Solutions to the staffing crisis remain elusive
There are generally three camps when it comes to the staffing crisis within the Napa Valley: grow, shrink or change (or some combination of these). For example, there are those who believe that if we put the brakes on what has been significant growth we’d be able to catch our breath and find some equilibrium. Some believe that we can just grow our way out of the problem, adding even more wineries, restaurants and attractions. Nearly everyone points to adding more low-cost housing (e.g., local measures to raise the hotel tax on the Nov. 6 ballot) yet most communities are finding pushback from the neighbors when plans actually surface.

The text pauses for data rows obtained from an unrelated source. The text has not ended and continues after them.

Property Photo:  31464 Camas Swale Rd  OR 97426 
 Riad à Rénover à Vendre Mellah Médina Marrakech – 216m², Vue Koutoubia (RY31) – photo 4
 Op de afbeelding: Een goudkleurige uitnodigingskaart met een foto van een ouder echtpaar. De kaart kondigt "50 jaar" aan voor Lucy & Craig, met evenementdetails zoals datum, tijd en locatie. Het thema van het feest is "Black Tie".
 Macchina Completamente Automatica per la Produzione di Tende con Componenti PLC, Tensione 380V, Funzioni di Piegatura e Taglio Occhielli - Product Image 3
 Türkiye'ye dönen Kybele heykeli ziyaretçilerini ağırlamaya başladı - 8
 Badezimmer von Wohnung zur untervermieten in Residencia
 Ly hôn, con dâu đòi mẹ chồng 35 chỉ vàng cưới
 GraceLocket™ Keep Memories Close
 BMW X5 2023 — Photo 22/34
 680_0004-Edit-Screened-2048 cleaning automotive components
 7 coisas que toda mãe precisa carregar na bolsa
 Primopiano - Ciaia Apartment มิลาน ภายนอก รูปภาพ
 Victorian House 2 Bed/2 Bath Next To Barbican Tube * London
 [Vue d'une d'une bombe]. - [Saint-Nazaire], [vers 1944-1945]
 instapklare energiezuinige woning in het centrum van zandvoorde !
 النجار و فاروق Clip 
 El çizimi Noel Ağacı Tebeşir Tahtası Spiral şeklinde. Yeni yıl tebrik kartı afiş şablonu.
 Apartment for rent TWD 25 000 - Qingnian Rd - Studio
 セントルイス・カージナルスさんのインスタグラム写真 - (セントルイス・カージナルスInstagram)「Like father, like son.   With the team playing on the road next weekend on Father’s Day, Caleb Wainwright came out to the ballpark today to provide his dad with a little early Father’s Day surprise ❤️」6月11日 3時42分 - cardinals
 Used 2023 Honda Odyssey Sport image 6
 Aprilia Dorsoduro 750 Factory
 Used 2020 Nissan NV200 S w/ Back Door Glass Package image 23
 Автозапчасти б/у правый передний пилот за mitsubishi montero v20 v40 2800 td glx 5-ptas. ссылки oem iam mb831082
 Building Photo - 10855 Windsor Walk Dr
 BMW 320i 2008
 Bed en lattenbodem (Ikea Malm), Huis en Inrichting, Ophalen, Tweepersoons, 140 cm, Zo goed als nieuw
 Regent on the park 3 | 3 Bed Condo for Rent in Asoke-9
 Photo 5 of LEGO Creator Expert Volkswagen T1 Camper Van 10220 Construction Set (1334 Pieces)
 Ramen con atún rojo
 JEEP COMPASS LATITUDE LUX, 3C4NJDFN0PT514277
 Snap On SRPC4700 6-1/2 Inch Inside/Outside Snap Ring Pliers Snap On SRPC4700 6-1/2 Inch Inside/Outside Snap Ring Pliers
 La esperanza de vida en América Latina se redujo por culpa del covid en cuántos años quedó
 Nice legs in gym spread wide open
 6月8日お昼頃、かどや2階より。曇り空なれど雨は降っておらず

There are those who believe technology and switching to “fast-casual” or self-service models will fix the problem. However, without innovative chefs and high-quality food-service professionals the highly regarded Napa Valley food culture will diminish.
One solution might be staring the Napa Valley in the face. St. Helena’s Culinary Institute of America at Greystone graduates roughly 60 young, highly motivated and well-trained culinarians every three months. Yet nearly all of them leave the area, mostly because they can’t find an affordable place to live. What if the Napa Valley community came together and found a solution to help keep them around?
Calistoga and Napa are attempting such action, but given the pushback in St. Helena when such a solution was presented to the community it might be tough. In the short term, if I owned a restaurant in the valley I’d be courting these graduates and others like them as if my success depended on it.